We could want this for several reasons, one being the need to correctly distinguish (for example) the phrase `U.N.` (with characters separated by a period) from `UN` (without any periods).

We can also bring words to their root form in the dictionary. For instance, `am`, `are`, and `is` can be identified by their root form, `be`. 

On another front, we can remove inflections from words to bring them down to the same form. Words `car`, `cars`, and `car's` can all be identified as `car`.

Also, common words that occur very frequently and do not convey much meaning, such as the articles `a`, `an`, and `the`, can be removed. 

However, all these highly depend on the use cases. `Wh- words`, such as `when`, `why`, `where`, and `who`, do not carry much information in most contexts and are removed as part of a technique called `stopwordremoval`, which we will see a little later in the Stopword removal section.

However, in situations such as question classification and question answering, these words become very important and should not be removed. 

In [1]:
import warnings
warnings.filterwarnings('ignore')

In [2]:
import nltk

In [3]:
plurals = ['caresses', 'flies', 'dies', 'mules', 'died', 'agreed', 'owned', 'humbled', 'sized', 'meeting', 'stating',
           'siezing', 'itemization', 'traditional', 'reference', 'colonizer', 'plotted', 'having', 'generously']

# Porter Stemmer

In [4]:
from nltk.stem.porter import PorterStemmer 

stemmer = PorterStemmer()
singles = [stemmer.stem(plural) for plural in plurals]

print(' '.join(singles))

caress fli die mule die agre own humbl size meet state siez item tradit refer colon plot have gener


# Snowball Stemmer

In [5]:
from nltk.stem.snowball import SnowballStemmer

print(SnowballStemmer.languages)

('arabic', 'danish', 'dutch', 'english', 'finnish', 'french', 'german', 'hungarian', 'italian', 'norwegian', 'porter', 'portuguese', 'romanian', 'russian', 'spanish', 'swedish')


In [6]:
stemmer2 = SnowballStemmer(language='english')
singles = [stemmer2.stem(plural) for plural in plurals]

print(' '.join(singles))

caress fli die mule die agre own humbl size meet state siez item tradit refer colon plot have generous


# OVER-STEMMING AND UNDER-STEMMING

Potential problems with stemming arise in the form of over-stemming and under-stemming. 
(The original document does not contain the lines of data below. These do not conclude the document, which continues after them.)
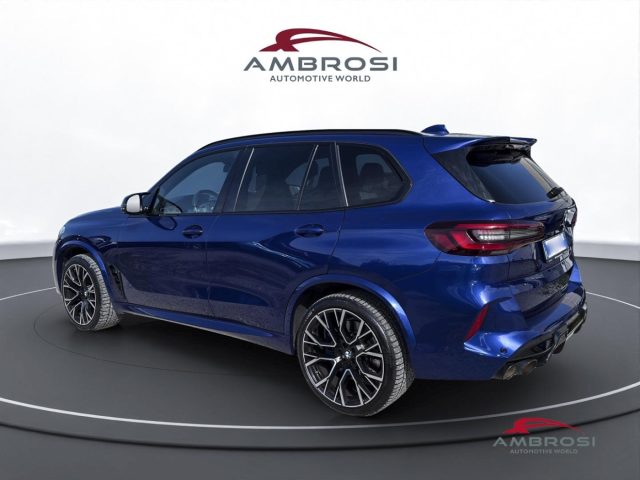 BMW X5 M Competition - foto 4 di 4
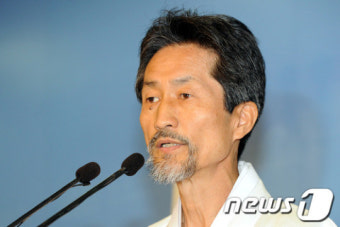 강기갑 혁신비대위원장, 당대표 출마 선언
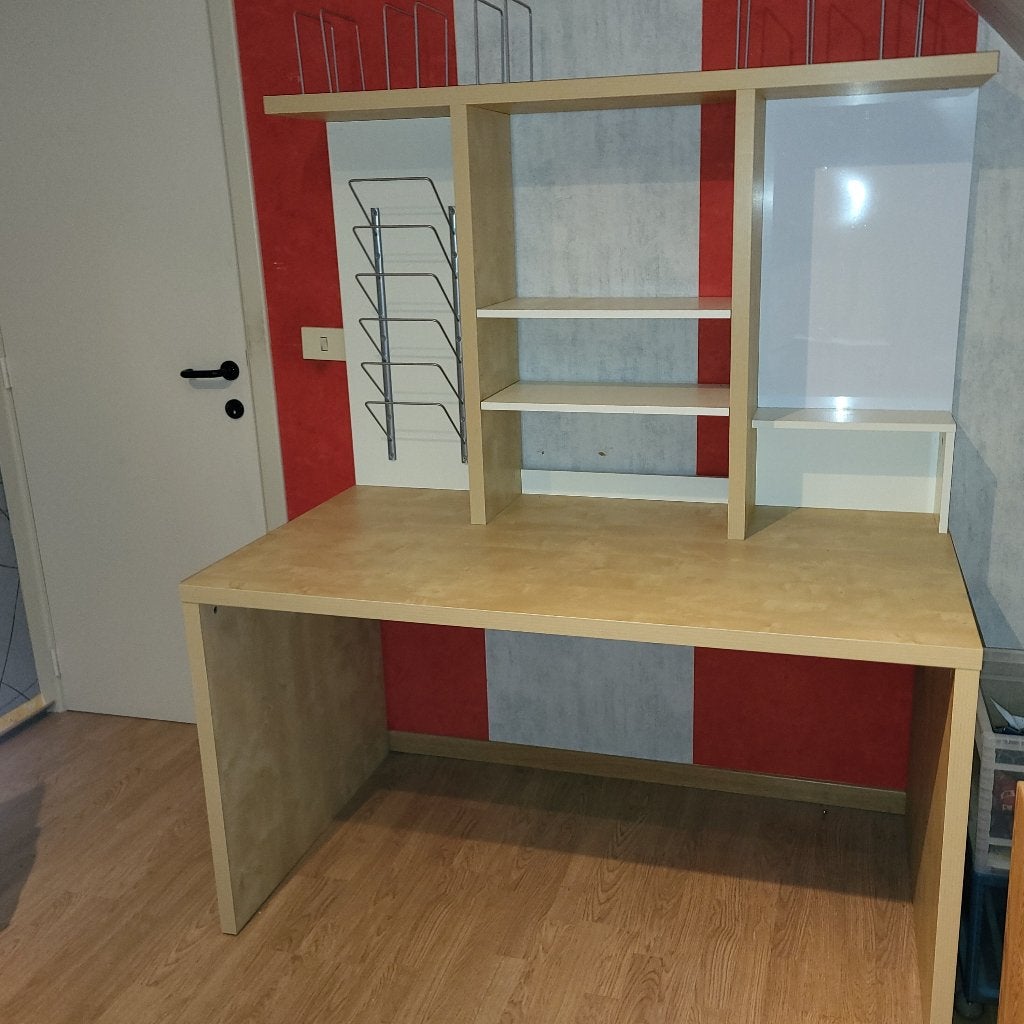 Bureau en parfait état, Scandinave, Enlèvement, 75 cm, Beige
A situation may arise when words that are stemmed to the same root should have been stemmed to different roots. This problem is referred to as over-stemming. 

In contrast, another problem occurs when words that should have been stemmed to the same root aren't stemmed to it. This situation is referred to as under-stemming.

# Wordnet Lemmatizer

Unlike stemming, wherein a few characters are removed from words using crude methods, lemmatization is a process wherein the context is used to convert a word to its meaningful base form. 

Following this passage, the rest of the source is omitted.